Electronic components used in surge protectors
Surge protection components fall into two general categories:
The following components fall into the Arc Gap category:
Gas Discharge Tube (GDT)
Radioactive Gas Discharge Tube
Carbon Electrode Gap
The following components fall into the semiconductor category:
Zener Diode (TVS or Transient Voltage Suppression Diode)
Silicon Avalanche Diode (SAD)
Metal Oxide Varistor (MOV)
Without going into an exhaustive explanation of each device, I will give a rundown on why the device is or is not suitable for protecting Ethernet GigE data circuits.
Gas Discharge Tubes - These are a great improvement over air gaps. They put the gap electrodes in a sealed container with a gas that determines breakdown voltage. They are low capacitance and once fired are low impedance. Both characteristics are great for data. But they are relatively slow. They can take up to a microsecond or more to really wake up and do their job. They are also expensive. Better surge protectors use a GDT operating in parallel with other components that are faster.
Radioactive GDTs are really not available anymore. They had radioactive gas inside that made them fire faster.
Air Gaps are not really used however certain testing bodies seem to think a feature called a Back Up Gap (BUG) be added to surge suppression devices. The problem is, a BUG is normally two or three conductors on a printed circuit board that are extremely close, like .005" or closer. History has shown that BUGS get contaminated with dirt and bugs. Many failures have be traced to surge protectors that use BUGs. The use of BUGs was primarily a thing in the USA for a number of years.
Carbon Electrode Gaps is an older technology used primarily on land line telephone circuits. It is not suitable for data.

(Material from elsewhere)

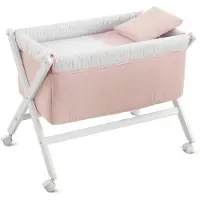 cambrass Plumeti 55x87x74 Cm Reiswieg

Zener Diodes are frequently used in surge protectors. They are a diode that is operated in reverse. So it is designed to have a bias voltage that is backward from its conduction direction. The reverse voltage causes a depletion region at the junction. If a the reverse voltage gets high enough, it will start to conduct at its "zener voltage". Zeners are typically used in voltage regulator circuits.
Silicon Avalanche Diodes (SADs) are a special type of zener designed to go to a low impedance state once they fire. They differ from normal zeners as they try to present the lowest voltage drop possible when in reverse conduction. They are extremely fast, some offering breakdown speeds in the nanosecond range. They have low leakage which is always a plus for a data application. Their capacitance is too high for GigE circuits unless paired with a rectification diode. Sometimes SADs are also called TVS as a generic term.
Bidirectional Transistor These devices are frequently combined at the die level to create Thyristors
Thyristor These devices are similar to SADs but are slow to act. They are found in power protection circuits but not in the better data surge protectors.
Punch Through Diode - Very low voltage zener type of action. Sometimes found on the internal data circuits of network devices. They do not tolerate much energy so they are more for electrostatic discharge (ESD) protection.
Rectification Diode - While not an overvoltage or surge device, it is used with SADs and other components to channel surges and to decrease overall circuit capacitance. Surge protectors that only use SADS or Thyristors will produce more loading potentially causing CRC and other errors to GigE data circuits.
Metal Oxide Varistor (MOV) Slow to act, leaks current and is physically large. This is the workhorse component for many 120 VAC power circuits. They are usually a large disk component. They will take repeated strikes and fail in the shorted condition. Frequently a device that has failed due to surge will have the MOVs physically damaged via cracks or explosion. Not uncommon to find MOV fragments inside a power supply that has been subject to power line conveyed lightning.